Over the course of the past eleven months, cryptocurrencies have emerged to become a serious asset class, one being taken note of by countries and regulatory agencies all over the world. Russia is one of them, with the country’s PM recently directing the development of the local crypto-market.
The country is in the news again after the Bank of Russia held a meeting with major banks on 26 November to seek feedback on the prospects for introducing the digital Ruble. The Central Bank was represented by First Deputy Chairman Olga Skorobogatova who met with representatives from Sberbank, VTB, Gazprombank, Moscow Credit Bank (MCB), Post Bank, Russian Standard Bank, among others.
According to local reports, a number of bank executives are concerned about the consequences of going ahead with the Russian digital currency. According to a banker present during the session, the project lacks a clear idea with respect to credit institutions, with other bankers claiming that they expect “more specifics” from the Central Bank of Russia on the question of whether the digital currency will serve as an alternative to paper cash or the current electronic payment system.
Further, according to an anonymous source, a majority of the commercial banks “don’t take seriously” the idea that the digital Ruble would become a third form of domestic currency.

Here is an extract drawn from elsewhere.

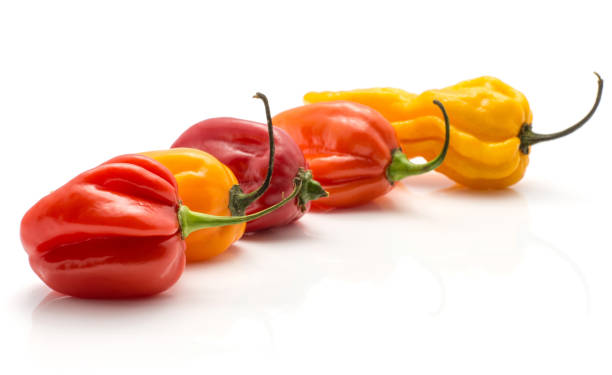istock Fresh Habanero chilli isoated on white 923894950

Additionally, the Chairman of the Board of the Russian Standard Bank, Alexander Samokhvalov, said that they would support a model in which the service component can be implemented in banks since they “have sufficient infrastructure to maintain it.” According to Samokhvalov, in a model where the regulator has full control of the digital Ruble accounts, it would leave “no room” for banks and would even cause a bank run.
Previously, the Bank of Russia had proposed that the digital Ruble should combine the capabilities of cash and non-cash currency, that is, it should allow both online payments to be made remotely and offline purchases. The Central Bank believes that this will require the development of “special technologies that will make it possible to use” the digital Ruble in the absence of an Internet connection.
However, the Central Bank did stress on the importance of hearing the market’s opinion, before continuing its work on the project. In fact, the Central Bank reportedly held a “series of meetings” with financial market participants “to discuss the issues raised in the advisory report” on the digital Ruble.
The head of the Central Bank of Russia Elvira Nabiullina had said back in October that a pilot launch of the Russian CBDC “is possible” at the end of 2021. The bank’s primary reason behind introducing the digital Ruble was because “digital financial technologies” usage was expanding in Russia and elsewhere since a growing number of its citizens now preferred cashless payments.
Meanwhile, a study ranked crypto as the fifth most popular investment asset in Russia.